%%

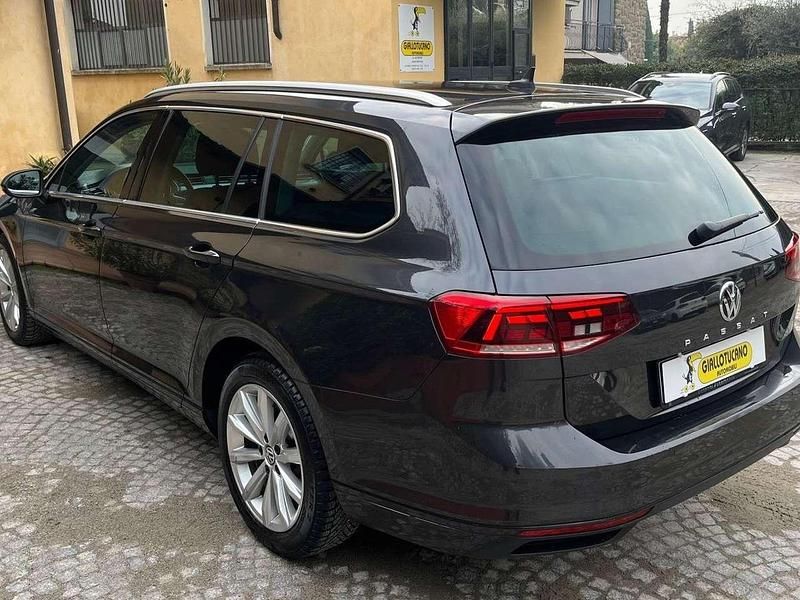 Usata VW Passat Business 120 CV (88 kW) 2020 Manganese Station wagon
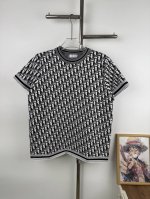 款号G655 新款Dior迪奥 春夏新款Cd纯棉短袖宽松T恤针织满印男女同款 Dior Icons 系列以随意而优雅的风格彰显 Dior 的经典标识与精湛工艺。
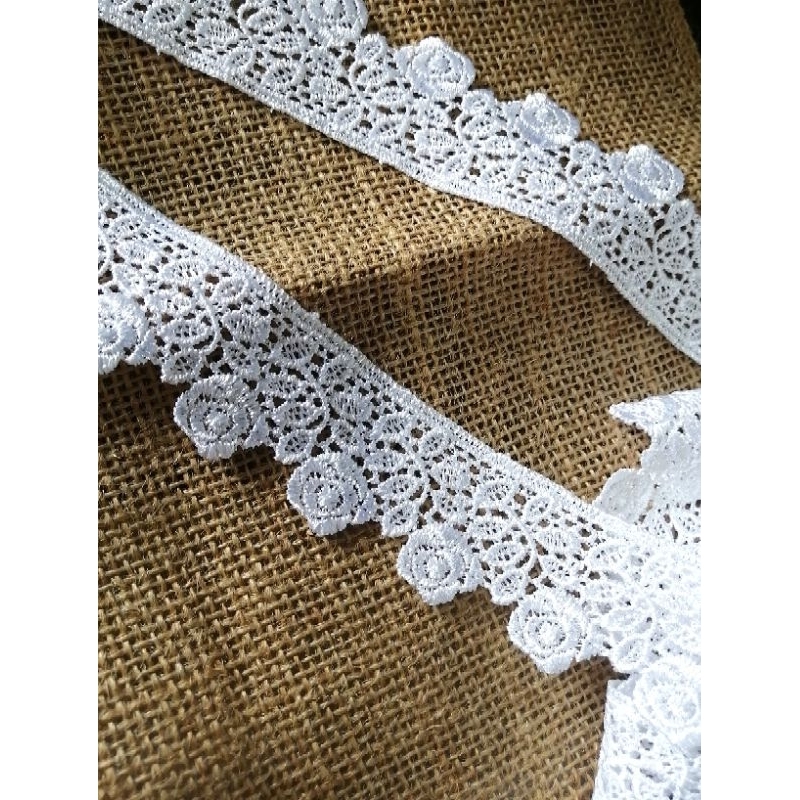 renda bordir bunga pinggiran lebar 3 cm (harga per 50 cm)
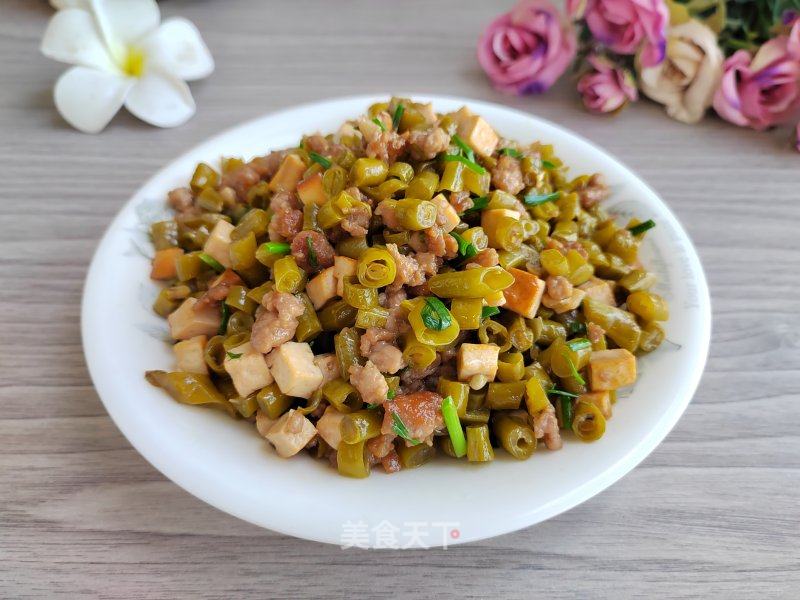 肉末炒酸豆角的做法_肉末炒酸豆角怎么做_清水淡竹的菜谱_美食天下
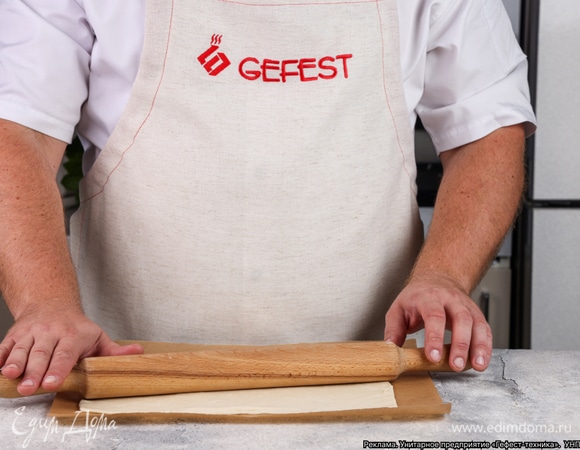 Разморозьте слоеное тесто и раскатайте в пласт.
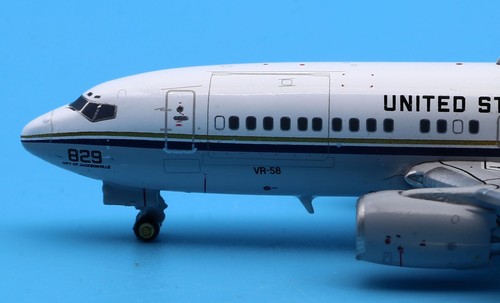 JC Wings 1:400 US NAVY Boeing C-40A Clipper Diecast Aircraft Jet Model 165829 - Picture 8 of 13
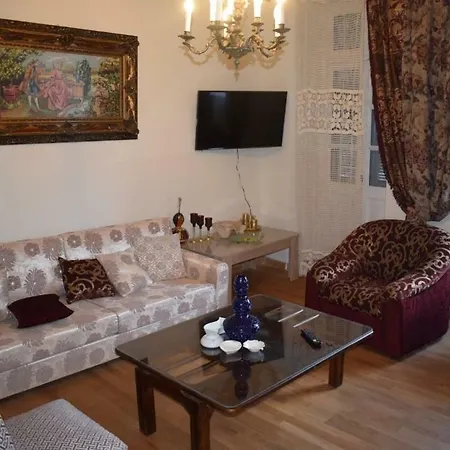 Апартаменты Archontiko Kolokotroni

%%

GOAL OF THE EXERCISE:
Exactly as they appear above, print all the lines, but not the pictures.

OUTPUT:
 Usata VW Passat Business 120 CV (88 kW) 2020 Manganese Station wagon
 款号G655 新款Dior迪奥 春夏新款Cd纯棉短袖宽松T恤针织满印男女同款 Dior Icons 系列以随意而优雅的风格彰显 Dior 的经典标识与精湛工艺。
 renda bordir bunga pinggiran lebar 3 cm (harga per 50 cm)
 肉末炒酸豆角的做法_肉末炒酸豆角怎么做_清水淡竹的菜谱_美食天下
 Разморозьте слоеное тесто и раскатайте в пласт.
 JC Wings 1:400 US NAVY Boeing C-40A Clipper Diecast Aircraft Jet Model 165829 - Picture 8 of 13
 Апартаменты Archontiko Kolokotroni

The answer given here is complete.